In Life Sentence: The Brief and Tragic Career of Baltimore’s Deadliest Gang Leader, Mark Bowden tells the story of Baltimore’s gang violence through the lens of failed public policy. He shows the impact of urban planning at the individual level by looking at the massive disparity between gentrified areas designed, developed, and patronized by white individuals and historically impoverished and crime ridden areas predominantly inhabited by African Americans.
Baltimore has faced a dichotomy since its founding. The city catered to northern commerce and industrialism through its port while supporting tobacco, corn, and fruit from southern plantations with large populations of slaves. Bowden makes a compelling case that the crime, poverty, and gang violence were created by the city’s public policy, history of discrimination, and corruption of law enforcement and city leaders.
Bowden tells the story of the upbringing, pursuit, and ultimately the prosecution of Montana Barronette and his gang, Trained To Go. Bowden argues that Barronette ultimately “won” the game he was playing, and the environment he encountered at a young age fueled his worldview and actions. Trained To Go was gang of teenagers helping Baltimore lead the country in per capita murders. The gang members are from broken families, and their individual stories are sad. The casual way in which the Sandtown neighborhood residents murder, abuse drugs, and inflict violence is horrible and hard to read.
I enjoyed Bowden’s writing style, and he put together a cohesive and fascinating narrative. He is more known for his book Black Hawk Down: A Story of Modern War, and I plan to add it to my reading list.
Quotes
“Perhaps the most important discovery was that Barronette and his TTG crew were not, as prosecutors and cops suggested, outliers or dangerous psychopaths. They were essentially normal teenagers in an abnormal environment, one that Baltimore (and other cities) had built and sustained very deliberately over centuries.”
“Most of the state was as Southern as Alabama.

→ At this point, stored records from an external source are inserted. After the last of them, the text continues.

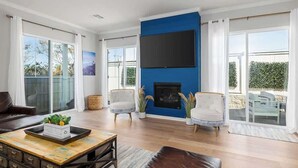 A spacious living room with a large TV mounted on a blue accent wall, a fireplace, and a view of the outdoors through large windows.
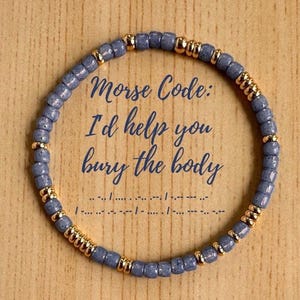 May include: A beaded bracelet with blue and gold beads. The bracelet has the text "Morse Code: I'd help you bury the body" in the center. Morse code symbols are below the text. The bracelet is on a wooden surface.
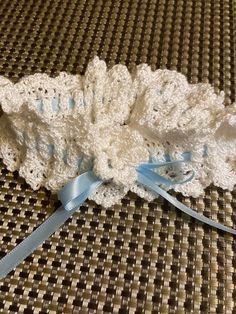 Beautiful crocheted wedding garter in fine silk yarn adjustable by blue woven ribbon gathered around to leg size.  Accented with a pretty crocheted flower and pearl.  Great keepsake to save from that special day.  Made to order if not in stock. Crocheted Flower, Woven Ribbon, Wedding Garter, Silk Yarn, Fine Yarn, Crochet Art, Gift List, Blue Satin, Fiber Art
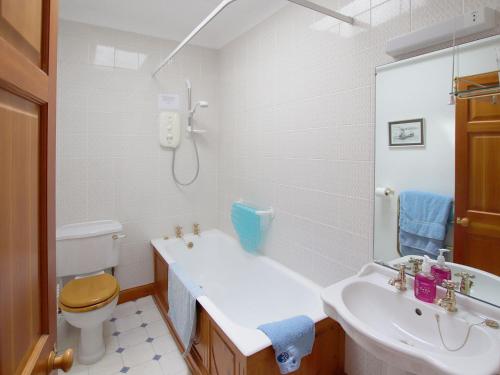 uma casa de banho com uma banheira, um WC e um lavatório. em Conheath Gatelodge Cottage em Kingholm Quay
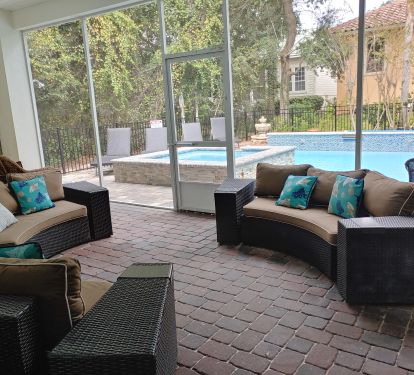 Enjoy comfortable seating in the lanai while overlooking the pool.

Wealthy enslavers dominated the state government in Annapolis, so even as the city grew ever more distinctly Northern, it remained under the thumb of those who had more in common with Jefferson Davis than Abraham Lincoln.”
“In 1910, Mayor J. Barry Mahool, considered a social progressive, said, “Blacks should be quarantined in isolated slums.” A year later, Mayor James H. Preston began demolishing well-established middle-class Black neighborhoods downtown to make way for urban renewal projects, mostly to widen major roads, what author Antero Pietila termed, “Baltimore’s first government-sponsored Negro removal project.”
“Black people had always been a huge part of the city’s fabric, and their erasure gave the lie to the word “renewal.” The truth was that Baltimore’s story was largely a failure of whites and Blacks to live together.”
“For Tana this was no nihilistic teenage fantasy; it was a life choice. He expected no future. The Game was it, all of it, the hustling, the hunting, the guns, the money, the girls, the drugs. He and his crew expected their run to end badly, and they were good with that. It was a familiar path in Sandtown, one taken by grandfathers, fathers, uncles, brothers, cousins, all either dead or in jail or, in the case of Tana’s father, deported.”